What is being asked: Give every line from the entries that contains "Glass".

[Start of Attachment]

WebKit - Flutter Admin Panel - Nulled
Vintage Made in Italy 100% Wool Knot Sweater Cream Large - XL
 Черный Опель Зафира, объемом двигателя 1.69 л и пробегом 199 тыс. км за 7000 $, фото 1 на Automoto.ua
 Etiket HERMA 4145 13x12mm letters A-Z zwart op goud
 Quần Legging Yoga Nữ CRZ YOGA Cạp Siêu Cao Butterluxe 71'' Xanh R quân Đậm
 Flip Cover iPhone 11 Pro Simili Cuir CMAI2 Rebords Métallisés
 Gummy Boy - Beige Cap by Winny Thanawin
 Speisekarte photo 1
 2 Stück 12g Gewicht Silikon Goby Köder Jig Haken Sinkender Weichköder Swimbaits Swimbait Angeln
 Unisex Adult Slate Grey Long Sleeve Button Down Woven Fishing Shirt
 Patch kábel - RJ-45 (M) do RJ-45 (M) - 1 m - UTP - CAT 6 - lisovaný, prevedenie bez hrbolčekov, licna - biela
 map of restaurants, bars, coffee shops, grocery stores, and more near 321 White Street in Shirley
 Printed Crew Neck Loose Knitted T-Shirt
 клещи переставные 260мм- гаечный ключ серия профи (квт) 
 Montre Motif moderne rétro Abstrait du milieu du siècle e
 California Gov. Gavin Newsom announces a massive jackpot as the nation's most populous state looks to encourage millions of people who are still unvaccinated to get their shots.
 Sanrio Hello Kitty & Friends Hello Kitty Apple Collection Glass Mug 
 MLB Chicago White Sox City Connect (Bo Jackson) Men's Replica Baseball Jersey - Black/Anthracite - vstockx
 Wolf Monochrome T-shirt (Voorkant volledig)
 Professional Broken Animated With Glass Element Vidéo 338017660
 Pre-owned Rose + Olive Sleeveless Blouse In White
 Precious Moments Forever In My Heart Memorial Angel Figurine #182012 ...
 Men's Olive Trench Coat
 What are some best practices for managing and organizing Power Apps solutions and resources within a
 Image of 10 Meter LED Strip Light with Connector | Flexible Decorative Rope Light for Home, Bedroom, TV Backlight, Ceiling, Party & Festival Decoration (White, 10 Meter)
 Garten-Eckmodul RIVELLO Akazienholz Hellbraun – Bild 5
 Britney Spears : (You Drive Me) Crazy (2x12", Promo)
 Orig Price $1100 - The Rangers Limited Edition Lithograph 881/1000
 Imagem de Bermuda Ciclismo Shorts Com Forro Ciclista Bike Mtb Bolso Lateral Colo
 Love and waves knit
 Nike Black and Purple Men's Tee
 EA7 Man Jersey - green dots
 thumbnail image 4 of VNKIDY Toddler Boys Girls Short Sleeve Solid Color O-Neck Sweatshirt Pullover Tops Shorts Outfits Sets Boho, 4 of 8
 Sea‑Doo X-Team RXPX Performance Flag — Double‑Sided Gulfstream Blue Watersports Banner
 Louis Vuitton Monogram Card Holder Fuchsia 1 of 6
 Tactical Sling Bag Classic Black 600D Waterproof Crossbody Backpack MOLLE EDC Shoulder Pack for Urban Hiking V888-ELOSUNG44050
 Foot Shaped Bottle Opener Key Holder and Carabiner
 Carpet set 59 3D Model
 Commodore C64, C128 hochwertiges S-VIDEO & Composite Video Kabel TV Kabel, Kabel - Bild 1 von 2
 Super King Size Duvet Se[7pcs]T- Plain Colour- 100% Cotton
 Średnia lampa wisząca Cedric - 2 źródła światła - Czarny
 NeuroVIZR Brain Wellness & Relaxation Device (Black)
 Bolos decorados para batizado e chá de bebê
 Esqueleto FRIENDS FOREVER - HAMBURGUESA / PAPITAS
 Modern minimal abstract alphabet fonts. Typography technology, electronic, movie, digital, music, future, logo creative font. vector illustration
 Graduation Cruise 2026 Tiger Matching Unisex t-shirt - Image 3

[End of Attachment]

Worked solution:
 Sanrio Hello Kitty & Friends Hello Kitty Apple Collection Glass Mug 
 Professional Broken Animated With Glass Element Vidéo 338017660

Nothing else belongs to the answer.